Spatial-Temporal Genetic-Based Attention Networks for Short-Term Photovoltaic Power Forecasting

Photovoltaic (PV) output power is significantly random and fluctuating due to its sensitivity to meteorological factors, making PV power forecasting a big challenge. Accurate short-term PV power forecasting plays a crucial role for the stable operation and maintenance management of PV systems. To achieve this target, the paper proposes a novel Spatial-Temporal Genetic-based Attention Networks (STGANet), which consists of a spatial-temporal module (STM) and a genetic-based attention module (GAM). STM serves to predict the missing solar irradiance to support the generation forecast, and contains a graph convolutional neural network to learn the spatial and temporal dependencies between historical meteorological data, while using dilated convolution as the non-linear part to simplify the network structure.
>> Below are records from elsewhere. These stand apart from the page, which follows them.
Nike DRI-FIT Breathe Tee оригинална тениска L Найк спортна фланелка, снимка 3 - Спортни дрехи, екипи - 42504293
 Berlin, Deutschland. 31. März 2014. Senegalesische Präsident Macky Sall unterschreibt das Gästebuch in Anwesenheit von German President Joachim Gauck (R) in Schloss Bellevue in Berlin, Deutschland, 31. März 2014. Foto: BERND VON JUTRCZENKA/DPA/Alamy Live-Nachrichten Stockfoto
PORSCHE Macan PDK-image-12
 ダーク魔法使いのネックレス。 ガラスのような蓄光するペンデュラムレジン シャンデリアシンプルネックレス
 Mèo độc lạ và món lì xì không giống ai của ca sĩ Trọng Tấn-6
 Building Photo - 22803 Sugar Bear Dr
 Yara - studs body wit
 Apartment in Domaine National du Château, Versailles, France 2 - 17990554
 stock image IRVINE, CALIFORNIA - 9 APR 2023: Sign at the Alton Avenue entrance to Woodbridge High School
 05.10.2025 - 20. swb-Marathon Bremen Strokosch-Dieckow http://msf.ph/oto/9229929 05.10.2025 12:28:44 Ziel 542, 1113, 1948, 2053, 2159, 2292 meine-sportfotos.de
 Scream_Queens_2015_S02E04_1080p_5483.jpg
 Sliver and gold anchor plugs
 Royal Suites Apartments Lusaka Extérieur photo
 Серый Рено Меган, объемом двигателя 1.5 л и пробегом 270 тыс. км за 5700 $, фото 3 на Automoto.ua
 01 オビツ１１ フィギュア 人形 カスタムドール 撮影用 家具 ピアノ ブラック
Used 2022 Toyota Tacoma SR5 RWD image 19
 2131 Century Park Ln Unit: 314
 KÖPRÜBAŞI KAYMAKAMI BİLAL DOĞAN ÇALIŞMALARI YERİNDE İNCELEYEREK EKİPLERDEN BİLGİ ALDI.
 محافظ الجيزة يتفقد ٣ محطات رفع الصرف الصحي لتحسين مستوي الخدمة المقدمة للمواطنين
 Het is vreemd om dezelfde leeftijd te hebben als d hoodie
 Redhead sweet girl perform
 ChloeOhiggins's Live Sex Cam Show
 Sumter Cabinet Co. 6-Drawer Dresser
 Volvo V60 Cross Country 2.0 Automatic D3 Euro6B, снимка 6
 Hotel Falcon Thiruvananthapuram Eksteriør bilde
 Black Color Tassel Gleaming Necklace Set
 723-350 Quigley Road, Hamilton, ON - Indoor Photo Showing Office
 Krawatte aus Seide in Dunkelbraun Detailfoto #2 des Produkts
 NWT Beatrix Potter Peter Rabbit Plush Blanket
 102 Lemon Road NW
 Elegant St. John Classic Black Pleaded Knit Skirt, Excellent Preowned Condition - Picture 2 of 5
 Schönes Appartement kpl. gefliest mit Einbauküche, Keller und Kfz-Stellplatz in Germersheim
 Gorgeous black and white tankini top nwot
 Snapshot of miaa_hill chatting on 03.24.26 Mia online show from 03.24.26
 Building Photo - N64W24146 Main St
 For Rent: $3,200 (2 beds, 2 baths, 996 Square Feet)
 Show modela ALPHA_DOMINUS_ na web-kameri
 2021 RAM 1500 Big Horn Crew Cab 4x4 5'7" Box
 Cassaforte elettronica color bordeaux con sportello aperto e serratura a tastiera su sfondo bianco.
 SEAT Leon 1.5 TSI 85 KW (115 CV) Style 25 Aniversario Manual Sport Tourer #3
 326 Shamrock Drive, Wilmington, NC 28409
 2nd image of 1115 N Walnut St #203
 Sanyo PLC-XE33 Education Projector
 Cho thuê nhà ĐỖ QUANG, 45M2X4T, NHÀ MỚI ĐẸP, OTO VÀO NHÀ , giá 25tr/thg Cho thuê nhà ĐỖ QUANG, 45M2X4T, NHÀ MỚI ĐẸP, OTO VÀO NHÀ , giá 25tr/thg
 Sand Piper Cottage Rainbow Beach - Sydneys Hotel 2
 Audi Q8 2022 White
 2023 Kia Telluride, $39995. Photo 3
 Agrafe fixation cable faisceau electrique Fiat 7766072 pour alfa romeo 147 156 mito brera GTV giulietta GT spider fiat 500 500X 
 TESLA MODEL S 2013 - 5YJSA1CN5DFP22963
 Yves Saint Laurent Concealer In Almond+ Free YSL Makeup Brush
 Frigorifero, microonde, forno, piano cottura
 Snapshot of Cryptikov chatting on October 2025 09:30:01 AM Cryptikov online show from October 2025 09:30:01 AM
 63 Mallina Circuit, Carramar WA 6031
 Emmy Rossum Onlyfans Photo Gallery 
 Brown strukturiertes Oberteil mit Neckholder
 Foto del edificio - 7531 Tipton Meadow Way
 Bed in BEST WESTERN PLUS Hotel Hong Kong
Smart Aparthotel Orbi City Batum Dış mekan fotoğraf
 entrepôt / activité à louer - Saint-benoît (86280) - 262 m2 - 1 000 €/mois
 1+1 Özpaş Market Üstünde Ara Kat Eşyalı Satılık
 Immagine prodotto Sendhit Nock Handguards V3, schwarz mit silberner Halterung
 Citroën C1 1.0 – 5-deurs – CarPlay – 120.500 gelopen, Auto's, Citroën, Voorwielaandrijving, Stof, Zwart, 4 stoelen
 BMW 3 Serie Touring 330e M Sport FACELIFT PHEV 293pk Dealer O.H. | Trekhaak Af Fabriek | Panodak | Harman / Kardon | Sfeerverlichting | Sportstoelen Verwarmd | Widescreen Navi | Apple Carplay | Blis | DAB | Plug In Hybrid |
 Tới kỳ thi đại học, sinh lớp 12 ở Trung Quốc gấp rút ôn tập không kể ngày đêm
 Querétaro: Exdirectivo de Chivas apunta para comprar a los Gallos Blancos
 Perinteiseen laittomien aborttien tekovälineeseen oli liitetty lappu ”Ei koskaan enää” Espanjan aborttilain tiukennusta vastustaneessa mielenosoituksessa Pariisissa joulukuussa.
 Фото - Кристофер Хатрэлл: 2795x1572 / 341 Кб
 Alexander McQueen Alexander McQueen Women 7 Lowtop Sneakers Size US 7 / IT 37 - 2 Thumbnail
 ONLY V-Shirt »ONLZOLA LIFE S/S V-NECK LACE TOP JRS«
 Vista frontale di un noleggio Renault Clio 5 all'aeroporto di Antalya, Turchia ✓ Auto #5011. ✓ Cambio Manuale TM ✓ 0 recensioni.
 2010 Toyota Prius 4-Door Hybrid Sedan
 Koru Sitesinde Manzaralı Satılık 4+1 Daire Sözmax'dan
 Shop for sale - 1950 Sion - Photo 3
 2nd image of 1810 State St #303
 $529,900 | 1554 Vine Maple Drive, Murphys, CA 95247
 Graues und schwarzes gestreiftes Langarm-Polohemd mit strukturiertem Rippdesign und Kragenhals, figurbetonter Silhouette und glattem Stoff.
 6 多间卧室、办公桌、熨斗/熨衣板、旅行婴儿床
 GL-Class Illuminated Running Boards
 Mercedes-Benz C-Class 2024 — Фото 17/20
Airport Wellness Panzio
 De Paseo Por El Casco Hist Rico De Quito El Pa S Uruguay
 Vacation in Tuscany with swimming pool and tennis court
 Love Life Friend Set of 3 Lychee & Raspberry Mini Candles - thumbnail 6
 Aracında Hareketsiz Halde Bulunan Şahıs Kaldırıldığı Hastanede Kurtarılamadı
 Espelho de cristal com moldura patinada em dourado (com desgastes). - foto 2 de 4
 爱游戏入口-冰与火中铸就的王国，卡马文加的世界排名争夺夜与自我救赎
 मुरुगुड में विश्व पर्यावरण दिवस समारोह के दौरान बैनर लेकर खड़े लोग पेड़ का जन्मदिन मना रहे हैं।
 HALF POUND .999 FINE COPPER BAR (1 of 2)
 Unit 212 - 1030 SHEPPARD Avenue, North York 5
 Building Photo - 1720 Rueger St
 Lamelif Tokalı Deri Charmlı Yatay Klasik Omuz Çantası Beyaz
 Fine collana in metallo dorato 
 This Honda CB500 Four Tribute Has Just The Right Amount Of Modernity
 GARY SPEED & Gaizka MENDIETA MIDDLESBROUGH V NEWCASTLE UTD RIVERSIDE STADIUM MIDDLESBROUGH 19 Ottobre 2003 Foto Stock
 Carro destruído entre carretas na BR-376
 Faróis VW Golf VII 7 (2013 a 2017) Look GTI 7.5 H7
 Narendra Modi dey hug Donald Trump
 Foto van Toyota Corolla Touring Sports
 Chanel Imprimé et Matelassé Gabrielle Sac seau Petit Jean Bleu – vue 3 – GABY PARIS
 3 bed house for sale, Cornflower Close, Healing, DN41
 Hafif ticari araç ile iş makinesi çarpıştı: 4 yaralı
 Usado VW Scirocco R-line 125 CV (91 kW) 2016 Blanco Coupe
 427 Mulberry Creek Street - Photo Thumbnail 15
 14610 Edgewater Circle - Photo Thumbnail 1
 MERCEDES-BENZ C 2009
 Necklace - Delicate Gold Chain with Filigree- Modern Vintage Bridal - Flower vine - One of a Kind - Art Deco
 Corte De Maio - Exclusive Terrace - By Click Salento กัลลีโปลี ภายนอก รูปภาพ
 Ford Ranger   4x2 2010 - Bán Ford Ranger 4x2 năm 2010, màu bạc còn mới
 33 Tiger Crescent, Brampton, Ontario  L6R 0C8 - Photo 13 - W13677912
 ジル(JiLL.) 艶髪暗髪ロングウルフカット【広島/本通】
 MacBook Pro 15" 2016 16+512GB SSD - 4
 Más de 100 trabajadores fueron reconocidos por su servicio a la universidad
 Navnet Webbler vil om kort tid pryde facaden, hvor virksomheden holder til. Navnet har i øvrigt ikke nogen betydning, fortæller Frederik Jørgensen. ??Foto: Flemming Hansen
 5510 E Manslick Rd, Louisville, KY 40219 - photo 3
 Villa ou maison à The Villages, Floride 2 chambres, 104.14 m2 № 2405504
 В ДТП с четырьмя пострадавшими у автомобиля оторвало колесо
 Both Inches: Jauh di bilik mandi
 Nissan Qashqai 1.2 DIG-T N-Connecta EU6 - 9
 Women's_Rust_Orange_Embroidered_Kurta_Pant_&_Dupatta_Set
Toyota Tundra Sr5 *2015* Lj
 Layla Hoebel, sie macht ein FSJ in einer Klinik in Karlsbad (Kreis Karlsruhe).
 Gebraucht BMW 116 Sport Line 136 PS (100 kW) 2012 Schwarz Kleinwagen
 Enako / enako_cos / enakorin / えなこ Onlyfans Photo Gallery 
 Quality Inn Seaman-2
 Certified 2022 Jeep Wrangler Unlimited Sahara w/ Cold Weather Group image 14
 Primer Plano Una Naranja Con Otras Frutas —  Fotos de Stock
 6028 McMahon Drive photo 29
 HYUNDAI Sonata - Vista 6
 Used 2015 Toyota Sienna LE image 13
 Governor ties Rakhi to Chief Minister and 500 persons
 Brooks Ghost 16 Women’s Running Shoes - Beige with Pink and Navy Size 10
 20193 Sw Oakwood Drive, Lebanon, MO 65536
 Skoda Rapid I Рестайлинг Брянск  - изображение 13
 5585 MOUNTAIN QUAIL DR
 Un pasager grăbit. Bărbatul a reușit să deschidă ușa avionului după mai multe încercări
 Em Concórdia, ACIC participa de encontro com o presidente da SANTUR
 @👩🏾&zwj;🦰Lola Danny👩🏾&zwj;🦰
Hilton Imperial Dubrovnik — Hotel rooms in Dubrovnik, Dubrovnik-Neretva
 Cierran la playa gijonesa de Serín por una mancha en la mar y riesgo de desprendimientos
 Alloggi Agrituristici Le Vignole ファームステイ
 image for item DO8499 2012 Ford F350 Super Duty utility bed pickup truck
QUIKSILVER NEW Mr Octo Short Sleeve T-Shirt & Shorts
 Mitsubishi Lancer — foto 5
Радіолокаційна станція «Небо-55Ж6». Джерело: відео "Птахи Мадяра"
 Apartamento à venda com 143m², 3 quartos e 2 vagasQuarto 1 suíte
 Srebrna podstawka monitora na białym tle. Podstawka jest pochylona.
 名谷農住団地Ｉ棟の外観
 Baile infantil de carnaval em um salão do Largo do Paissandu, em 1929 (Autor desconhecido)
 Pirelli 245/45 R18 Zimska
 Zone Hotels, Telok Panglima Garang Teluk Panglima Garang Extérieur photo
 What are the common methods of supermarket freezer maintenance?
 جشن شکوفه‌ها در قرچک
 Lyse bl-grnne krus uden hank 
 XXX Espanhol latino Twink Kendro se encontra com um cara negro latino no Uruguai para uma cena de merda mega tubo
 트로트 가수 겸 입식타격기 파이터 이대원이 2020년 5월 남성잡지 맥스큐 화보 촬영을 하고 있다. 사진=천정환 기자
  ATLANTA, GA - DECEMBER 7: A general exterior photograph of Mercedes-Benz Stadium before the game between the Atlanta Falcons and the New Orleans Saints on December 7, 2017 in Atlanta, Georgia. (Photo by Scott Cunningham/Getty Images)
The GAM efficiently explores for potential relationships in input features with attentional mechanism and uses genetic-based operation and LSTM which takes forecasting error as reference to find global optimal solutions and to avoid getting trapped in local optimal solutions. The model is verified through comparative experiment with several benchmark models using a real-world historical meteorological dataset and a power generation dataset of PV plants in southeastern China. The results have illustrated that the proposed model can provide better prediction performance in PV systems.

Automated summary

This paper introduces a novel Spatial-Temporal Genetic-based Attention Networks (STGANet) approach for PV power forecasting, which includes spatial-temporal module and genetic-based attention module to improve prediction performance.